(Records from a data collection)
================================

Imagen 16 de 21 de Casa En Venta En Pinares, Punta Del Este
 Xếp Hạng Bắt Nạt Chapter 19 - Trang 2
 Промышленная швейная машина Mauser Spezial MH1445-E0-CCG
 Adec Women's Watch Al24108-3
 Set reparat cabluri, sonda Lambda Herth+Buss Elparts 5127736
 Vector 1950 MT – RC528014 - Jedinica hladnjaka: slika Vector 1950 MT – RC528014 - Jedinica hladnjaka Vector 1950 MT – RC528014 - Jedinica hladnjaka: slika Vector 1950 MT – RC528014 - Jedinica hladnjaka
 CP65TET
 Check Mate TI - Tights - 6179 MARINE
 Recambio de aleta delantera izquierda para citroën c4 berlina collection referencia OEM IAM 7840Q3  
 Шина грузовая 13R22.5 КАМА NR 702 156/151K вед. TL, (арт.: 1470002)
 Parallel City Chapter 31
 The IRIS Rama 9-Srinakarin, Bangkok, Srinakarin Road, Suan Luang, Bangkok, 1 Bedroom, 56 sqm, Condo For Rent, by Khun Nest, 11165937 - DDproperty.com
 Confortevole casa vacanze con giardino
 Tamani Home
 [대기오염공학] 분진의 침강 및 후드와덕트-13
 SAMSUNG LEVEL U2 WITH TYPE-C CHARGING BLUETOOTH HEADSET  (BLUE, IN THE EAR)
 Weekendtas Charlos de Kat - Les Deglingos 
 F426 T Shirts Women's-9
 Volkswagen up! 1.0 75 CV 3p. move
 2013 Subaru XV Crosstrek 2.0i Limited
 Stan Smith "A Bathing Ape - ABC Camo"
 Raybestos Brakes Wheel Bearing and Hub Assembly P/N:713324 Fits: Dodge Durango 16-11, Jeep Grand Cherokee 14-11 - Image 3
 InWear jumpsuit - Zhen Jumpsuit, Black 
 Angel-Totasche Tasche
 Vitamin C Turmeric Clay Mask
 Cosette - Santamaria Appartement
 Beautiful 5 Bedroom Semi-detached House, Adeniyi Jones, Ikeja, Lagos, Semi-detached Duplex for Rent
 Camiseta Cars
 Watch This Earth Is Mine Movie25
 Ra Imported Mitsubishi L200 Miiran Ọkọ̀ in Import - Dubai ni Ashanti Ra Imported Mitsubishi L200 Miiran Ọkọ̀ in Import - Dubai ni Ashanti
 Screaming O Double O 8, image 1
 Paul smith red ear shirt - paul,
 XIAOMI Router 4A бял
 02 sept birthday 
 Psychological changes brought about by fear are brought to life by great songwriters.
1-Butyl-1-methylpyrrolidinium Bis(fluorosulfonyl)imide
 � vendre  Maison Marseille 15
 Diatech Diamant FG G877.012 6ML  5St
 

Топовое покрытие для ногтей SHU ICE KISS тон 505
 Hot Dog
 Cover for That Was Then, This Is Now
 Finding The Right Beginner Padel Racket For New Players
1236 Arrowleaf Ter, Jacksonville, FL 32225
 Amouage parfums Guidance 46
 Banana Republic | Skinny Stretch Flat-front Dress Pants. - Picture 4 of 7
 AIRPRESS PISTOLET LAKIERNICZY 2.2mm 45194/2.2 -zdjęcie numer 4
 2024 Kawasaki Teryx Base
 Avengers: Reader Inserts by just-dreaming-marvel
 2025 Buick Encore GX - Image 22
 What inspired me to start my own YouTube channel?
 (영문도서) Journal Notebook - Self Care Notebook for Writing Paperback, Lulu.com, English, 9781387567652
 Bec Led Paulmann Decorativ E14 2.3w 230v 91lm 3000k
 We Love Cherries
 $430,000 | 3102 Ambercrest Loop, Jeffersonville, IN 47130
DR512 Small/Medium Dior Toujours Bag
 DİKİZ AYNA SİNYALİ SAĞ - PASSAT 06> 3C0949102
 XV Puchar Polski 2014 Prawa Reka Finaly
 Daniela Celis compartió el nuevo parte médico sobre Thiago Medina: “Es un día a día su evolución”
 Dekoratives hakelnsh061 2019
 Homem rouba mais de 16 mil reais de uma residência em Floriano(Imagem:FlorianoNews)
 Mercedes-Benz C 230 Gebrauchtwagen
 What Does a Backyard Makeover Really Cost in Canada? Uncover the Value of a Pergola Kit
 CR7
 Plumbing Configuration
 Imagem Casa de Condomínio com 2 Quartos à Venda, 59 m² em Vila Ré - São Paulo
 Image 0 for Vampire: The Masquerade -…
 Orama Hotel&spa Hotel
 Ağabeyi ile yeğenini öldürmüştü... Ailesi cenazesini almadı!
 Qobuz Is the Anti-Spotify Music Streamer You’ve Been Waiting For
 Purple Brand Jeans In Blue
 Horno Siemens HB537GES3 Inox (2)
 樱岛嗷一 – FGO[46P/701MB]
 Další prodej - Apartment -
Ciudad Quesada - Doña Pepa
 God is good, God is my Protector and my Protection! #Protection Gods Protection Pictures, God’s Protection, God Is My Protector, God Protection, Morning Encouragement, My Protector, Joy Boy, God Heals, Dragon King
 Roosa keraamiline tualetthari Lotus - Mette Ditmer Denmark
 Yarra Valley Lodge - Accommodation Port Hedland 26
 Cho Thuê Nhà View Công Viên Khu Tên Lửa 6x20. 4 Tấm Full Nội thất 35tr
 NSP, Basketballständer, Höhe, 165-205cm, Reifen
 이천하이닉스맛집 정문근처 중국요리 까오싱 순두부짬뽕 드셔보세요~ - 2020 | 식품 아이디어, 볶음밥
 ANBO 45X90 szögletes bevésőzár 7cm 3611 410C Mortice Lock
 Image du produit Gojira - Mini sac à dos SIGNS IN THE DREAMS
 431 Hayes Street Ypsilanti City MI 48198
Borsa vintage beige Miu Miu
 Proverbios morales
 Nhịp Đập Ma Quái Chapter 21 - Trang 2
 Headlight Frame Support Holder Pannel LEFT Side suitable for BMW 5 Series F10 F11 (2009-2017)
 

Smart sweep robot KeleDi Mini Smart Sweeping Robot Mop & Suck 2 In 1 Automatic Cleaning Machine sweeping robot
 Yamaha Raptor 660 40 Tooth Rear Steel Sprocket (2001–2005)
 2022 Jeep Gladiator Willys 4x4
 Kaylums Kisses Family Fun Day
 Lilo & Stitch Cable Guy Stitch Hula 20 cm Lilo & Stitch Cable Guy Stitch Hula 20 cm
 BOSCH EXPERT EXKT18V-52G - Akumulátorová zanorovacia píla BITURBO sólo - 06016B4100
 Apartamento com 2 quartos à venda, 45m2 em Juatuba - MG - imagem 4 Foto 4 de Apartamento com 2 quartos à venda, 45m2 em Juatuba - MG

================================

Task: Using the entries above, state the number of lines that include "City". Add nothing else.

Response area: 2